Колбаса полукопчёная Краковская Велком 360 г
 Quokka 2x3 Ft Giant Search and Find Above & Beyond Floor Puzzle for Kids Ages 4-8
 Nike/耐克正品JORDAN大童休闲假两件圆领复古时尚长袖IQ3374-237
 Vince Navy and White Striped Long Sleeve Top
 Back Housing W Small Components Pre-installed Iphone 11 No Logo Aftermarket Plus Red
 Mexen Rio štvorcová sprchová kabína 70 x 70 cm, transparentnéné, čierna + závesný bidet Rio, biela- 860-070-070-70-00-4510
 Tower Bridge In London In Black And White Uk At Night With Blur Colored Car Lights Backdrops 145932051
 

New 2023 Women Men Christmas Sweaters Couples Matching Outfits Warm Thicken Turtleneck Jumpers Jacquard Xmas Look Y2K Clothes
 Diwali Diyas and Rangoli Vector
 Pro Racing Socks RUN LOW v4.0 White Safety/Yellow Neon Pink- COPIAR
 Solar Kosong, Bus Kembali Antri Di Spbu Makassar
══════════════════════════════
All of the data needs to be printed once more, exactly.

Колбаса полукопчёная Краковская Велком 360 г
 Quokka 2x3 Ft Giant Search and Find Above & Beyond Floor Puzzle for Kids Ages 4-8
 Nike/耐克正品JORDAN大童休闲假两件圆领复古时尚长袖IQ3374-237
 Vince Navy and White Striped Long Sleeve Top
 Back Housing W Small Components Pre-installed Iphone 11 No Logo Aftermarket Plus Red
 Mexen Rio štvorcová sprchová kabína 70 x 70 cm, transparentnéné, čierna + závesný bidet Rio, biela- 860-070-070-70-00-4510
 Tower Bridge In London In Black And White Uk At Night With Blur Colored Car Lights Backdrops 145932051
 

New 2023 Women Men Christmas Sweaters Couples Matching Outfits Warm Thicken Turtleneck Jumpers Jacquard Xmas Look Y2K Clothes
 Diwali Diyas and Rangoli Vector
 Pro Racing Socks RUN LOW v4.0 White Safety/Yellow Neon Pink- COPIAR
 Solar Kosong, Bus Kembali Antri Di Spbu Makassar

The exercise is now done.